Indian rice exporters are contending with unexpected tax demands from the customs department, which could significantly affect India’s rice exports. The demands relate to duty differentials on rice exported over the last 18 months, with claims arising after the imposition of a 20% export duty on white and parboiled rice to stabilize domestic prices before upcoming elections. Four exporters have disclosed that the customs department is asking for additional payments based on the transaction value of the exported rice, rather than the Free on Board (FOB) value that was initially used for duty calculations. This change has led to concerns about the viability of continuing rice exports due to the financial strain of retroactive duty adjustments.
Exporters argue that the additional costs, estimated at around $15 per metric ton for rice shipped in the past two years, are unsustainable, given the tight profit margins in the rice export business.

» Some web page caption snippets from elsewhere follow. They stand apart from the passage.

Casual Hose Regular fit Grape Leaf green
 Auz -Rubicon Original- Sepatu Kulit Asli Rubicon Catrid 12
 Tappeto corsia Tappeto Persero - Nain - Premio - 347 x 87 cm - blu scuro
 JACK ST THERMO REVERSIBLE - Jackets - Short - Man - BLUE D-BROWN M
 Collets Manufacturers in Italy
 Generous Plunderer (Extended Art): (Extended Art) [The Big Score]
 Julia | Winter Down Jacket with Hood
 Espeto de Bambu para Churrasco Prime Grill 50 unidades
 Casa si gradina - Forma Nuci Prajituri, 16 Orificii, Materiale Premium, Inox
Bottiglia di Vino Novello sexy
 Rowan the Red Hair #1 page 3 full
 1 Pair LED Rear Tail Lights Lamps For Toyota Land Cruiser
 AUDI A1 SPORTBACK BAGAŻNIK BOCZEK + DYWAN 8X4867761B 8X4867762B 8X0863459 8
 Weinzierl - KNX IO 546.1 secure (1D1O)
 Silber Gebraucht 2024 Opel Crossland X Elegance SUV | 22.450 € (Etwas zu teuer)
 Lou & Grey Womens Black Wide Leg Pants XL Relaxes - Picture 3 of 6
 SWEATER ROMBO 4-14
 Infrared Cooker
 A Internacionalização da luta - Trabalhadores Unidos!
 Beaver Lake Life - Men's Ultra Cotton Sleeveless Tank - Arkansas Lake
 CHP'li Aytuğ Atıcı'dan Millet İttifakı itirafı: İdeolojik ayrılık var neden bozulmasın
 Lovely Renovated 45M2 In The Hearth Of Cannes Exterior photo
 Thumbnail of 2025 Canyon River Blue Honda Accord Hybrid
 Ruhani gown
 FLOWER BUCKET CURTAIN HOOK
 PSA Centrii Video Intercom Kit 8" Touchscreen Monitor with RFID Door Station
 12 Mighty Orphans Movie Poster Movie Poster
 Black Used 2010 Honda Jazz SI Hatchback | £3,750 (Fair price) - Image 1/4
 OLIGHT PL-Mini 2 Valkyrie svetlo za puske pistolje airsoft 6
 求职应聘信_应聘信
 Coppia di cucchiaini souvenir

The total impact of these duty revisions could amount to approximately 15 billion rupees. The Rice Exporters Association is seeking dialogue with the government to discuss the impracticality of the backdated duty demands and to suggest a consistent duty framework for future exports. Some exporters, faced with the prospect of hefty financial outlays, are considering legal action to contest the tax demands.
India, as the world’s leading rice exporter, primarily ships non-basmati rice to markets including China, Bangladesh, and several African nations. The current tax dispute poses a risk to the country’s position in the global rice market and has sparked concern among stakeholders in the export community.